(September 1st 2014)
It’s Labor Day and, in the natural course of things (maybe more especially in the USA–I wouldn’t know), the original meaning of the day and what it celebrates has long been forgotten except as a way to get a great deal on mattresses and cars. Maybe it is in America, a country based as much on possession and riches as freedom to speak and worship, etc. that the general “culture” seems to denature and dismiss its most important historical evolutions.
I was a child and teenager in the Forties and Fifties of the last century (how odd it is to say that when you spent major part of your life living in that century). And I was filled with tales from my parents, and more especially my grandparents–about the tremendous poverty of the early twentieth century and the great and bloody wars fought by working men and women to finally have a life worth living.
I had older relatives who were beat up on picket lines in New York City when they attempted to form the ILGWU (International Ladies Garment Worker’s Union). My grandfather was a “union organizer” for the ILGWU–which basically meant that he formed part of the body guard for women picketing outside garment factories when the bosses sent Mafia thugs to beat them up.
I also grew up in a time when unions were strong and important to maintaining a decent life for people.
All that seems to have vanished, both the memory of wars fought to have a five day week and an eight hour day and a living wage and safe working conditions. Even the power and prestige of unions as true representatives of workers has almost vanished.
Organizing is still going on and there may be successes in the future. Walmart and McDonalds (and other fast food chains workers) are in the early stages of trying to form unions so they can make enough not to need food stamps and other government welfare. But not in my lifetime have I seen such animosity toward workers or unions–such contempt for Labor. Unions (which have their own history of corruption) are considered anti-American, when, in fact, they were always the most American of movements.
In any case, maybe it’s just the natural course of history (and modern short attention spans), that the meaning and importance of such holidays is lost. Do they celebrate the storming of the Winter Palace in St. Petersburg and good day for car sales in Russia? I don’t know–maybe they do.
Anyway, I have a proposal. Since most major holidays have become just days off from work and sales spectaculars, how about creating a new holiday.
The 13th anniversary of the destruction of the World Trade Center towers is only about a week away. This tragedy is fresh enough in everyone’s memories so that we’ve not yet seen photos of the ruins coupled with advertisements for hot deals on SUV’s.
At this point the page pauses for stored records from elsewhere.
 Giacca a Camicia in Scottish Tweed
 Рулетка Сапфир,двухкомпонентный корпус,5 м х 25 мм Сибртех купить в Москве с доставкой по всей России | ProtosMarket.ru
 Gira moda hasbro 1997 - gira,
Since this country immediately responded with massive world-wide revenge and violence (which continues to this day), I suggest we designate 9/11 as a National Day of Reflection. We might quietly mourn the people who died AND we might examine our national conscience to see if the USA’s behavior in the world could provoke anyone into hating us so much that they would do such a thing. I don’t mean the lunatic fundamentalists who actually committed the crime, but the larger group of people in all parts of the world that our country has robbed of their natural resources, corrupted their governments, trained their secret police and helped to overthrow their democratically elected governments.
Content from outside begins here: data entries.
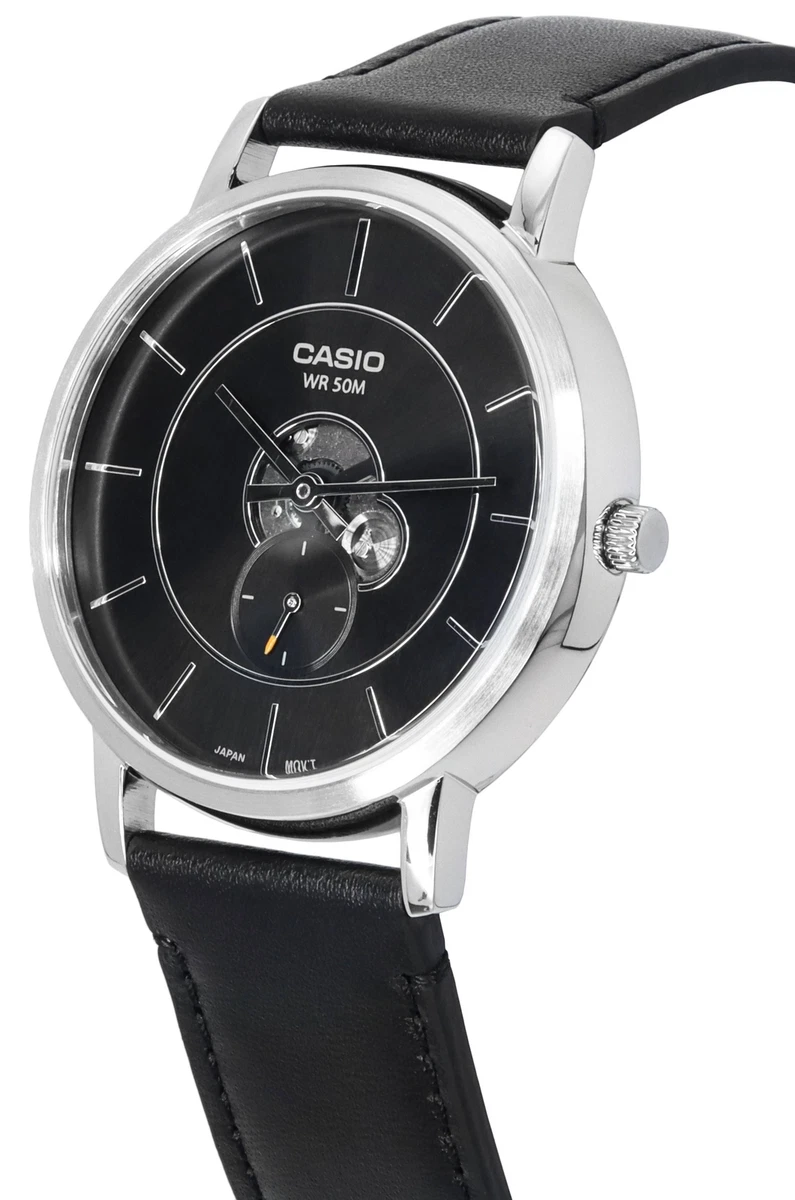 Casio Analog Quartz Dress MTP B130L 1A MTPB130L 1 Men s Watch eBay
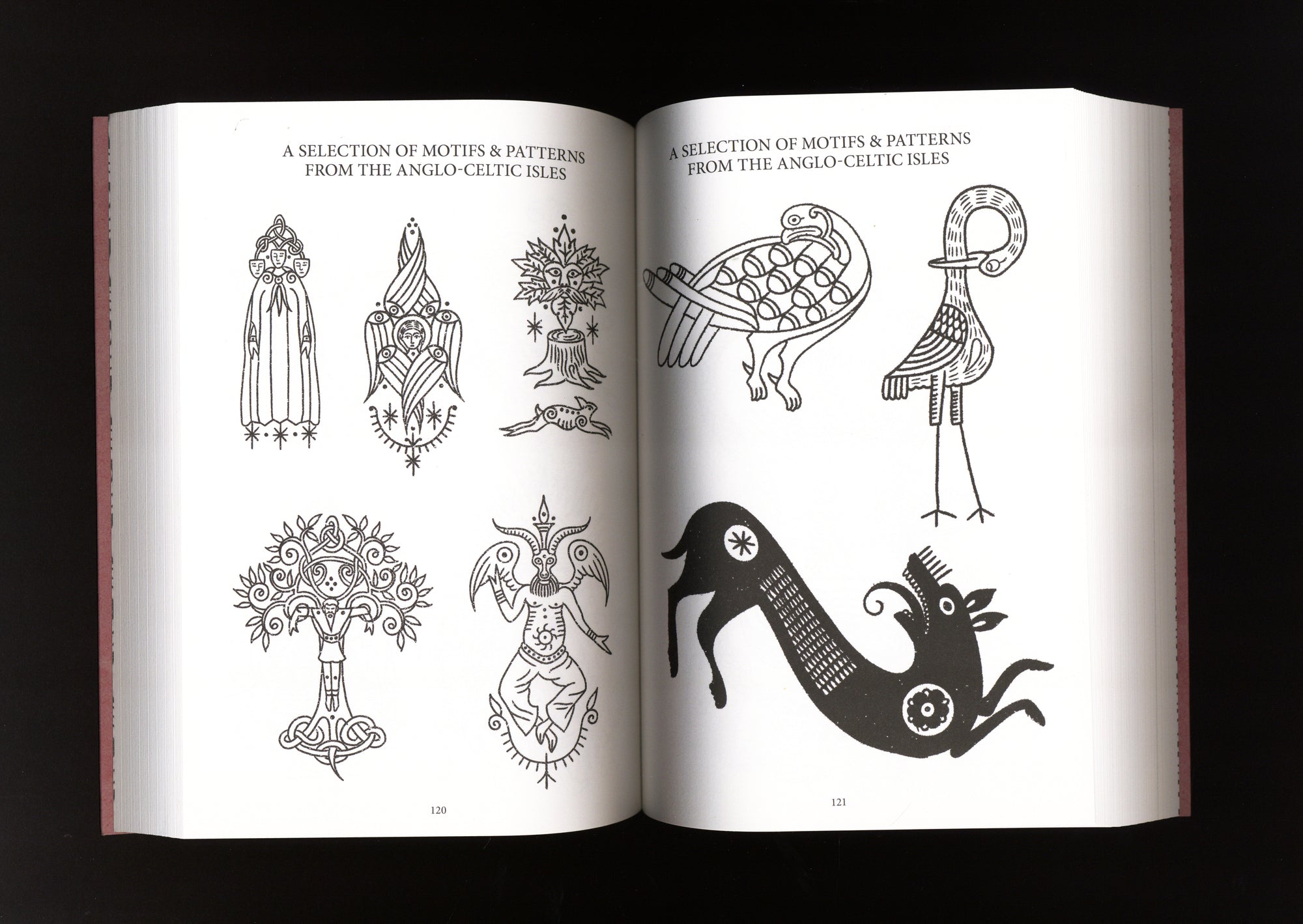 Treubhan — Patterns & Motifs from the Anglo Celtic Isles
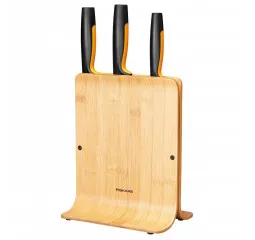 Набір ножів з підставкою 4 предмети Fiskars Functional Form (1057553)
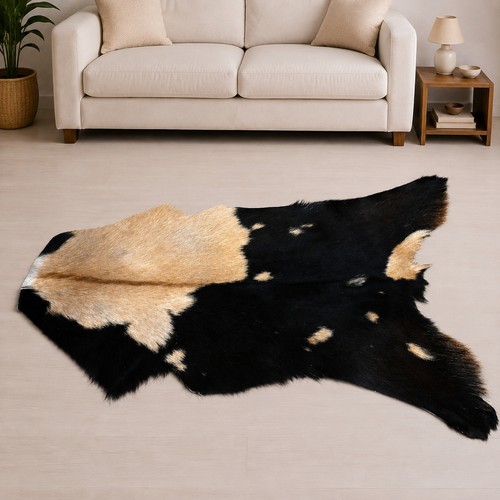 Genuine goat hide hair - hide,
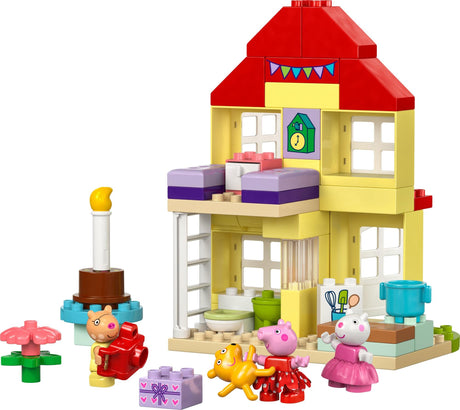 LEGO 10433 DUPLO Peppa's Birthday House, construction toy LEGO
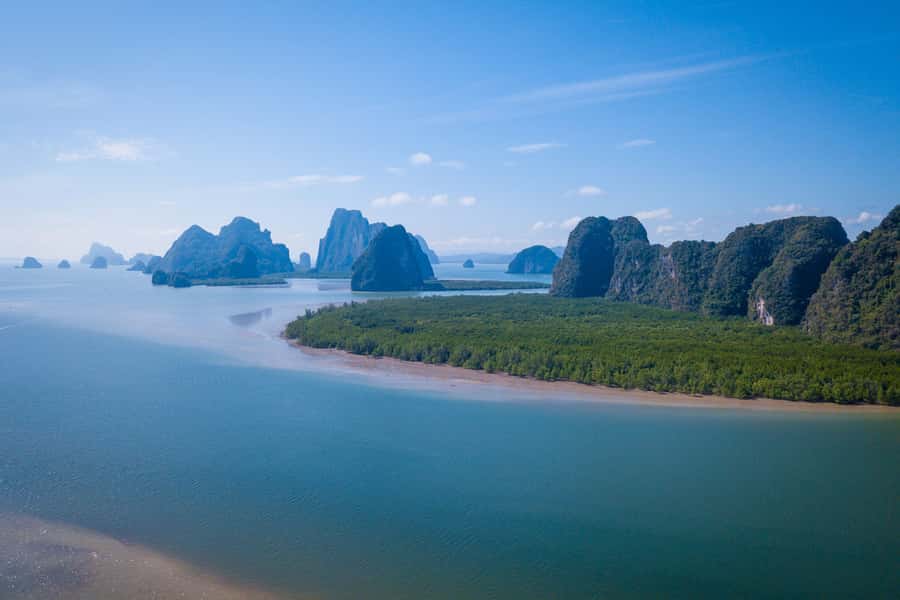 Phang Nga Bay: Early Bird James Bond & Beyond Tour - Koh Phanak and the cave lagoon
A day of silence; a day–for once–not to celebrate outwardly with chest thumping, fireworks, barbecues and bargains, but to reflect inwardly why our poor, aching country has become so tyrannical and feared in the world–so committed to using force to project itself all over the planet–and so devoted to greed and fascism at home.
How this holiday would be organized and “celebrated” I don’t know. But surely it is a day fresh enough in all our minds and hearts to use for such a necessary national self-examination.